==== MATERIAL FOR THE TASK

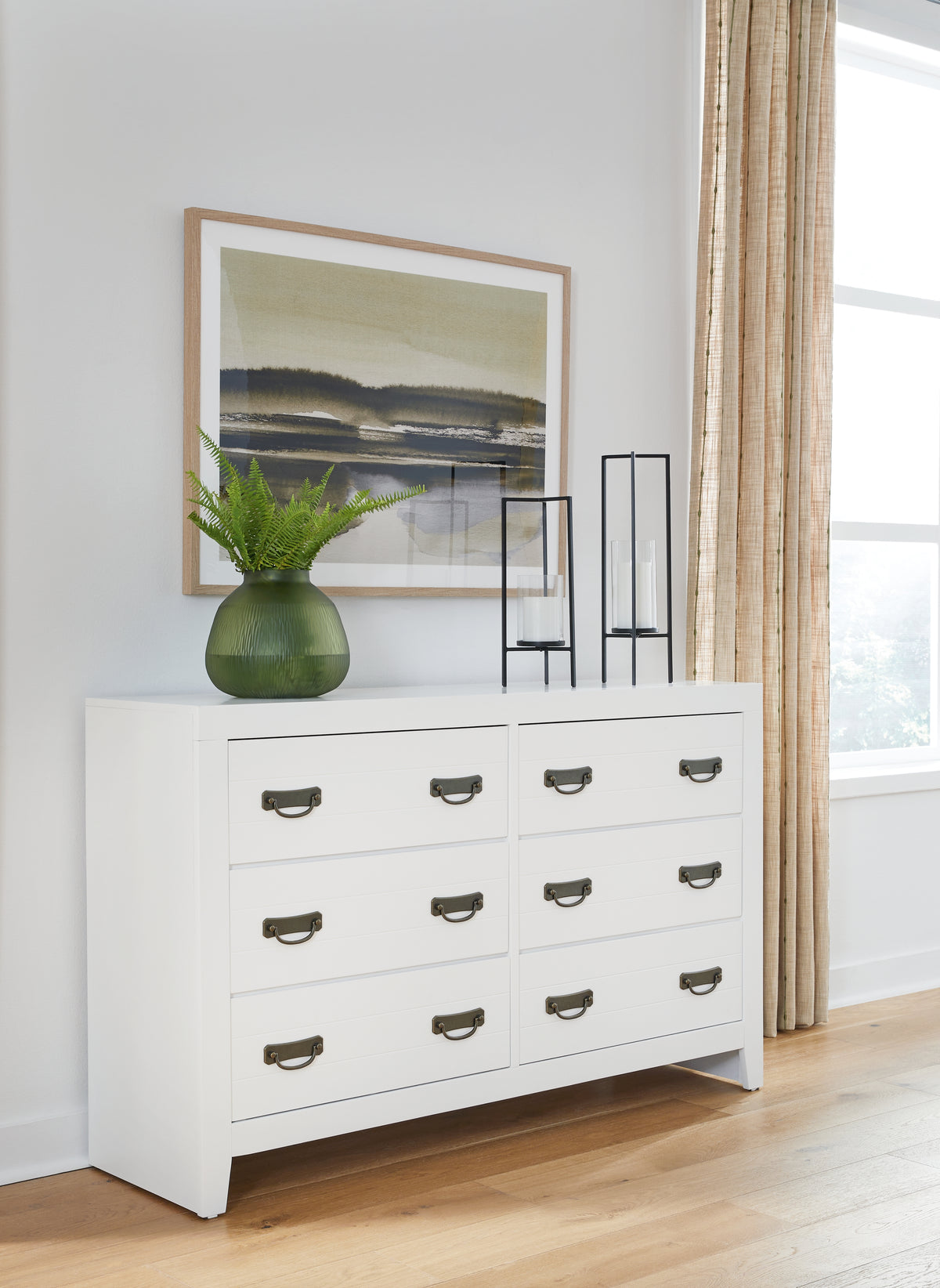 Floridian Furniture - Ashley Furniture - Binterglen Bedroom - California King Panel Bed / White - B427B9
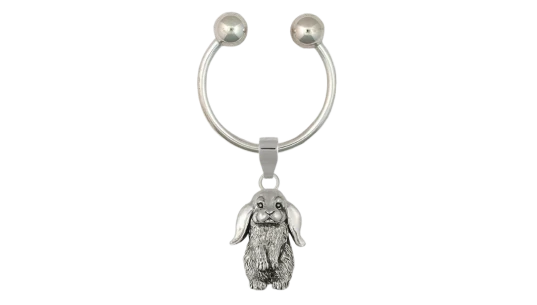 Handmade Bunny Key Ring - Sterling Silver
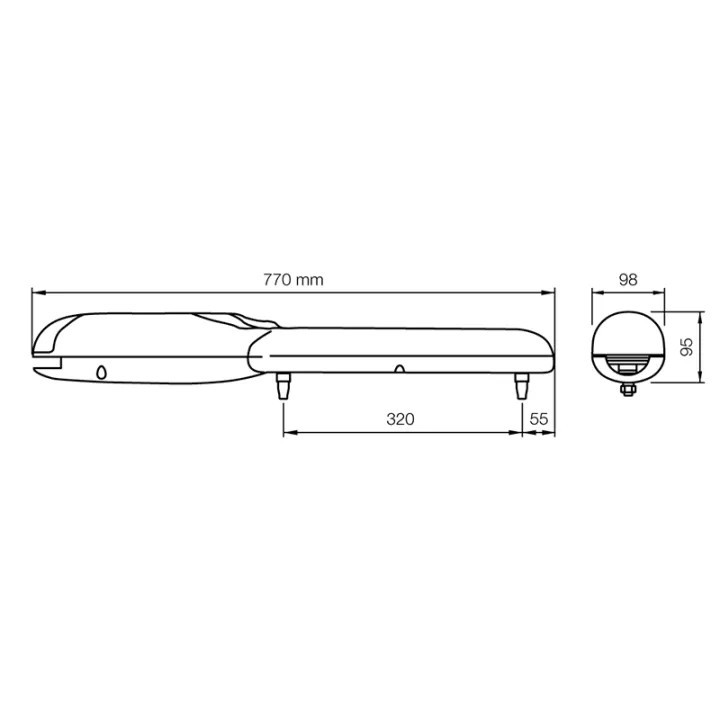 Moteur NICE WINGO 4024 24V | Diferbat, distributeur français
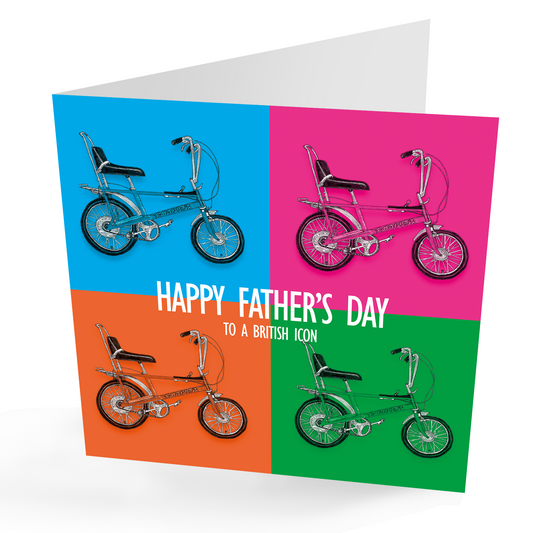 Retro Chopper Fathers Day Card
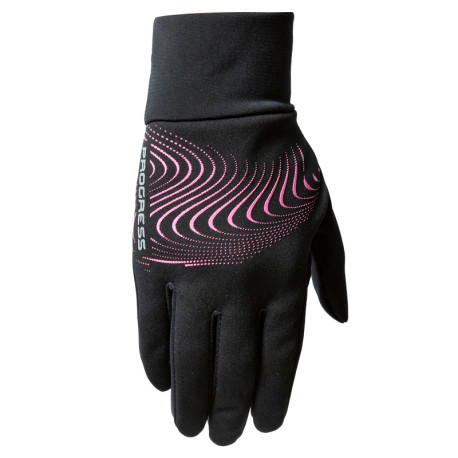 COOLIO GLOVES dětské zimní rukavice 9-10, černá/růžová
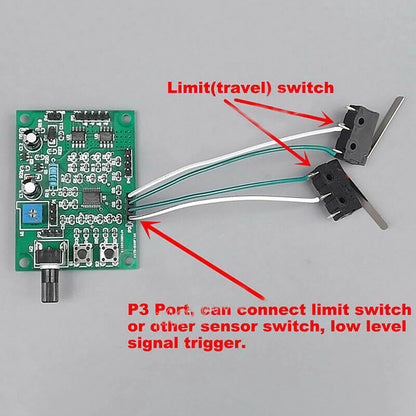 2-PHASE&4-Phase 5-Wire Stepper Motor DC 5v-12v Driver Board Speed Controller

========

> ABOUT THIS TASK: Repeat the data verbatim, excluding all pictures.

> RESPONSE TO THIS TASK:
 Floridian Furniture - Ashley Furniture - Binterglen Bedroom - California King Panel Bed / White - B427B9
 Handmade Bunny Key Ring - Sterling Silver
 Moteur NICE WINGO 4024 24V | Diferbat, distributeur français
 Retro Chopper Fathers Day Card
 COOLIO GLOVES dětské zimní rukavice 9-10, černá/růžová
 2-PHASE&4-Phase 5-Wire Stepper Motor DC 5v-12v Driver Board Speed Controller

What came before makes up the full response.